Problem to solve> Return the lines of the data below in which the string "Protection" occurs.

Task material>
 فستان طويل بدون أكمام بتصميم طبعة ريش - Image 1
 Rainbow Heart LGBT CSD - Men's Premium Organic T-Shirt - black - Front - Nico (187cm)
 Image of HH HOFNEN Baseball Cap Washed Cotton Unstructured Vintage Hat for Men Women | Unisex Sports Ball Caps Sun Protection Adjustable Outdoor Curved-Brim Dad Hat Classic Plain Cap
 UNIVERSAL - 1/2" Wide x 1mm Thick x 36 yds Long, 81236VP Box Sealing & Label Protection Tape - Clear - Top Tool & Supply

---

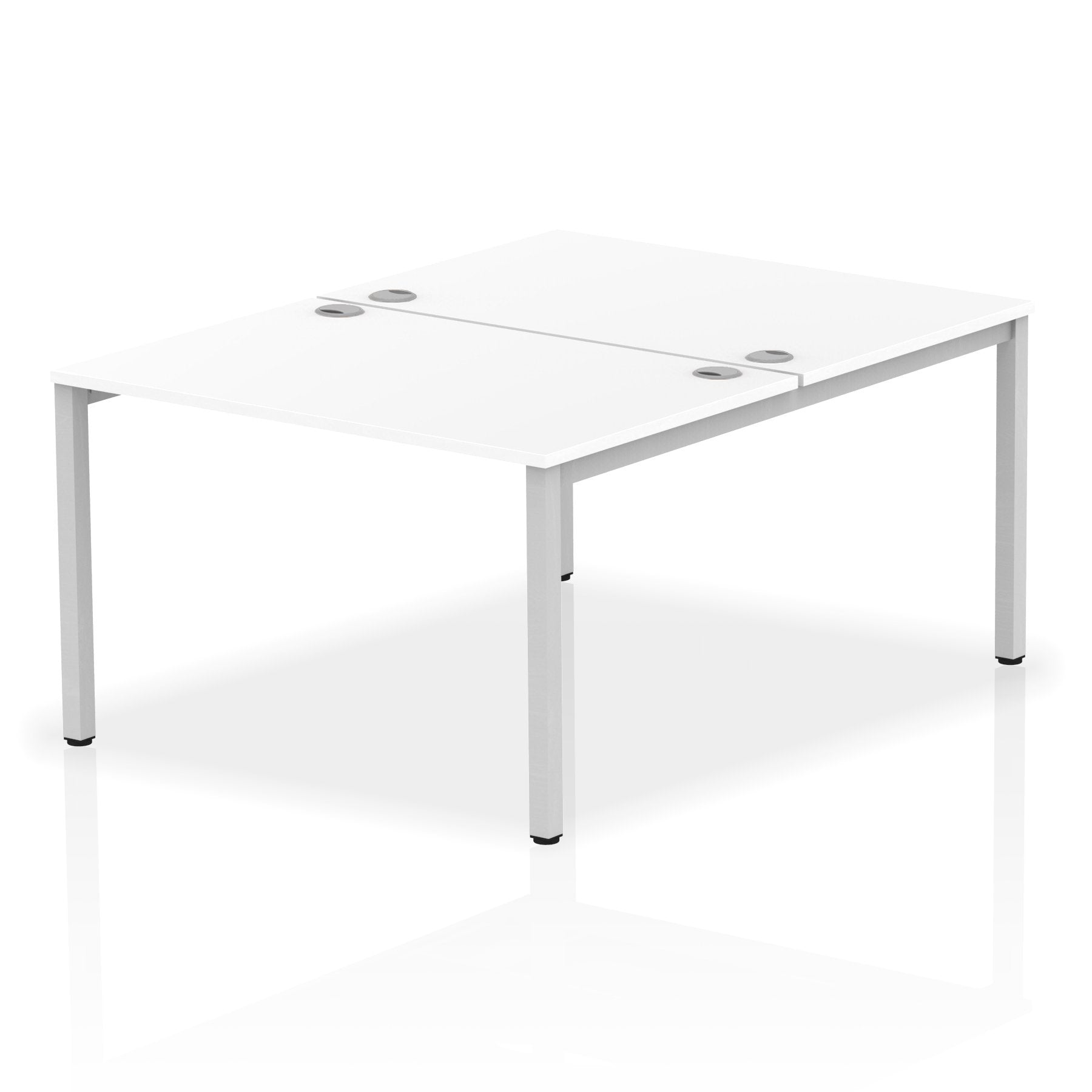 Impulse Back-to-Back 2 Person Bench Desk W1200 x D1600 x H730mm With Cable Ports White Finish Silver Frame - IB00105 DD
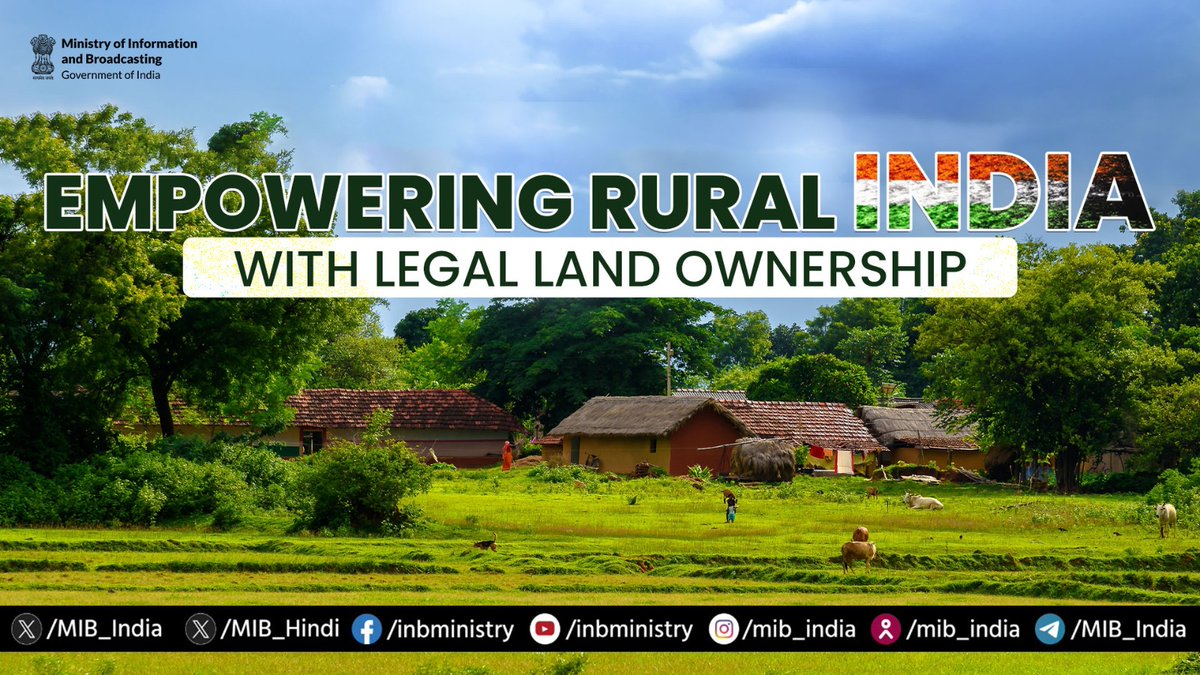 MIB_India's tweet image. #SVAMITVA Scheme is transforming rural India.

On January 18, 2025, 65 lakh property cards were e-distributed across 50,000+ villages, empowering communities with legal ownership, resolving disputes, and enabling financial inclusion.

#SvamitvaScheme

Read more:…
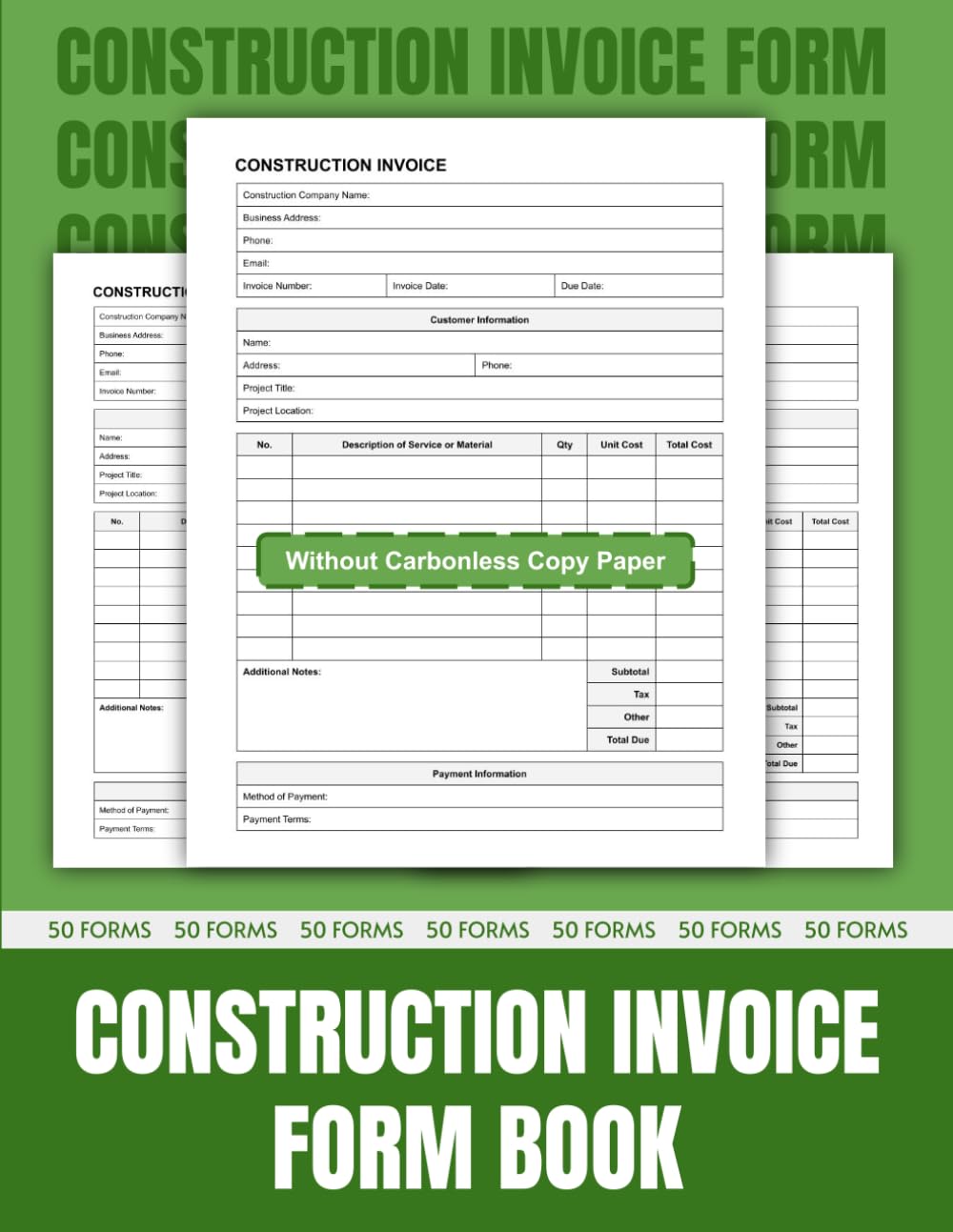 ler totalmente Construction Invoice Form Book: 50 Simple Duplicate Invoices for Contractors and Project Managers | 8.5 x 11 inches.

Reply to the exercise>
 Image of HH HOFNEN Baseball Cap Washed Cotton Unstructured Vintage Hat for Men Women | Unisex Sports Ball Caps Sun Protection Adjustable Outdoor Curved-Brim Dad Hat Classic Plain Cap
 UNIVERSAL - 1/2" Wide x 1mm Thick x 36 yds Long, 81236VP Box Sealing & Label Protection Tape - Clear - Top Tool & Supply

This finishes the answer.